Behold, Thy Mother

Rogier van der Weyden, Crucifixion Diptych (c. 1460)

“Woman, I bought you a life insurance policy. You’re going to be fine.”

As best we can tell, Jesus didn’t ever speak these words from the cross.

Nor did he say: “Woman, get thee to a nunnery, go. Farewell.” 

Nor: “Woman, find yourself a nursing home.” 

No: “Mother.”

Only: “Woman.”

No: “I love you.”

Only: “Behold, your son.”

This is the last exchange that takes place between Jesus and his mother, the “God-bearer,” in John’s Gospel. What is Jesus on about?

Here, on the cross, as at the beginning of his earthly ministry, he is forming a new family.

This is not a family bound by blood or by law, nor linked by custom or common religious heritage.

This is the family of Jesus, the Body of Christ, formed by the wounded body of Christ, comprised of every tongue, tribe and nation.

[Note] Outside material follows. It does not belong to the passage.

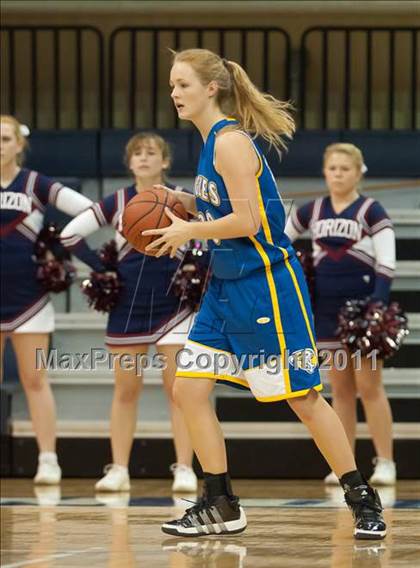 Thumbnail 1 in Christian Life Academy vs Horizon (CIF SDS D5 Final) photogallery.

It’s noteworthy that Jesus doesn’t ask his mother her opinion. Nor does he ask John for permission. He simply says: here’s your son; behold, thy mother. It all seems rather presumptuous. With his last breaths, a desperate man impulsively makes arrangements for his disconsolate mother by presuming upon his beloved friend?

This is of course to take a cynical view of the “deathbed” exchange. It’s quite the opposite. The exchange that takes place is a grace and a sign.

When Jesus gives his mother to John, and vice versa, he enacts what will become normative for the church throughout the ages. 

Families fractured by the sword will find a new home in the family of Jesus. 

Families broken apart because of a betrayal by blood will be placed in the household of God on account of the blood of the Lamb.

Strangers will become fellow citizens, the lonely surrounded by brothers and sisters, the abandoned adopted, and the barren comforted by sons and daughters by faith. This is the grace enacted in this exchange between son and mother.

Whatever else Jesus intends with these words from the cross, he means also to signal a radically hopeful future. With God as our Father, Jesus joins the lonely, the misfits and the brokenhearted into a family that, by his Spirit, becomes a foretaste of the home for which our hearts painfully yearn.

This, dear friends, is the good news of Good Friday—the good good news.